Молчать меня заставляло множество причин. Во-первых, в пятилетнем возрасте трудно бывает объяснить взрослым некоторые вещи. В этом виноваты сами взрослые, — они очень плохо понимают объяснения маленьких детей. Во вторых, я был доволен, что истина известна лишь мне одному. Это давало мне преимущество над всеми. Я предчувствовал, что стоит мне только обмолвиться, как надо мной начнут подшучивать, будут меня высмеивать, и моя великолепная идея пострадает, что сильно огорчило бы меня. Признаться, я инстинктивно чувствовал шаткость этой идеи. Может быть, в глубине души я и сам смутно чувствовал, что гипотеза моя слишком смелая, дерзкая, ошибочная, греховная. Все это было очень сложно. Но трудно даже представить себе, какие сложные мысли гнездятся в голове пятилетнего ребенка. Прогулки в Ботаническом саду — вот последнее воспоминание, которое удержалось в моей памяти о няне Нанетте, — она была так стара, когда я был так мал, и так мала ростом, когда я был совсем крошечным. Мне не было еще шести лет, когда она, к великому сожалению моих родителей и меня самого, покинула нас. Она покинула нас не потому, что умерла, а не знаю почему — куда то уехала, не знаю куда! Она исчезла из моей жизни, так по деревенскому поверью добрые феи, приняв образ ласковой старушки, беседуют с людьми в вдруг исчезают, испаряются в воздухе.

II. Торговец очками

Как радостно жилось в ту пору! Малейший ветерок вызывал восхитительный трепет. Круг времен года шел, исполненный увлекательных неожиданностей, вселенная сияла в своей чудесной новизне. Так мне казалось, ибо мне было шесть лет. Уже в ту пору меня терзала неутомимая любознательность, которая впоследствии стала мукой и счастьем моей жизни и обрекла меня на поиски того, чего никогда не находишь.

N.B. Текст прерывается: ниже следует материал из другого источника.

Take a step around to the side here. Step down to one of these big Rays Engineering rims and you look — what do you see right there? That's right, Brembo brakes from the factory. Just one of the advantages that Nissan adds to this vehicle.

Моя космография, — у меня имелась своя космография, — была беспредельна. Я полагал, что набережная Малакэ, где находилась моя комната, является центром вселенной. Зеленая комната, в которой матушка ставила мою кроватку рядом со своей, казалась мне, в величавой святости своей и домашней прелести, тем средоточием мира, на которое небо изливало свою лучезарную благодать, подобно тому как это изображают на священных картинках. А между тем стены моей комнаты, столь хорошо изученные мною, насыщены были какой-то тайной.
Ночью, когда я лежал в кроватке, мне мерещилась вереница причудливых образов, и вдруг комната, так крепко замкнутая, уютная, освещенная последними отблесками потухающего камина, открывала широкий доступ вторжению сверхъестественного мира.

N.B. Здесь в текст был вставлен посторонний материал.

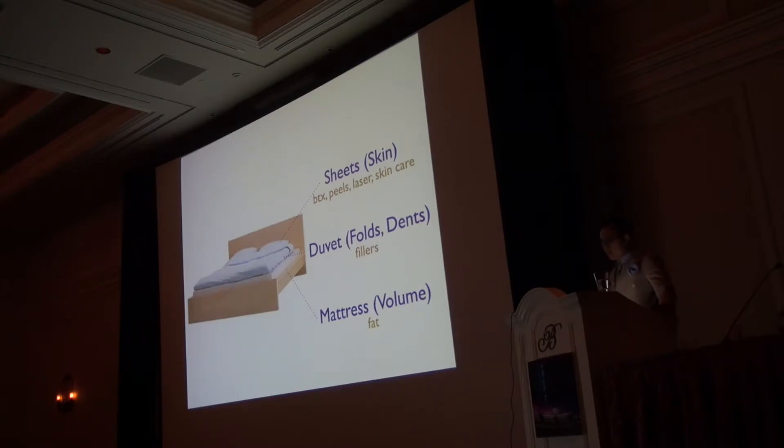Fat is the mattress of the face. The duvet represents little errors — a fold here, a groove there — and for those, fillers are fantastic. I tell every patient who gets fat to expect some fillers at extra expense, somewhere between six months and a year and a half, as the fat matures and we identify areas needing touch-up. The sheets represent the skin surface, which I don't believe you can manage well with fillers; that requires neuromodulators and skin resurfacing such as fractionated CO2 or erbium.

Легион рогатых чертенят водил в ней хороводы, медленной поступью, рыдая, проходила женщина из черного мрамора, и только впоследствии я узнал, что пляшущие чертенята были плодом моего воображения, а тихая и печальная черная женщина — моей собственной выдумкой.
Согласно моей системе мироздания, отличавшейся очаровательной непосредственностью, как и первобытные теогонии, земля вокруг моего дома образовала обширный круг. Ежедневно, когда я шел на прогулку и возвращался обратно, мне встречались различные люди, и все они, как мне казалось, играли в какую-то очень сложную и очень занимательную игру: игру в жизнь. На мой взгляд, их было множество. Пожалуй, больше сотни.

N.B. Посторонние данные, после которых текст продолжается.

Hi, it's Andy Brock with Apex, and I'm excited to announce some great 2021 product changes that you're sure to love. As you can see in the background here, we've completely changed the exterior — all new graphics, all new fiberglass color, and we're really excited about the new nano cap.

Убежденный в том, что вся их работа, все их уродства и все их страдания — не что иное, как забава, я все же не был уверен, что они живут под столь же благостным влиянием, как я, под надежным покровом, защищающим их от всяких невзгод. По правде говоря, я не верил, что они столь же реальны, как я, и не был убежден в том, что они подлинно живые существа, а когда из своего окна я наблюдал, как эти крошечные существа движутся по мосту Святых отцов, то принимал их за игрушечных, а не за живых людей, и был почти столь же счастлив, как тот сказочный ребенок великан, который, сидя на горе, играл елями, хижинами, коровами, овцами, пастухами и пастушками.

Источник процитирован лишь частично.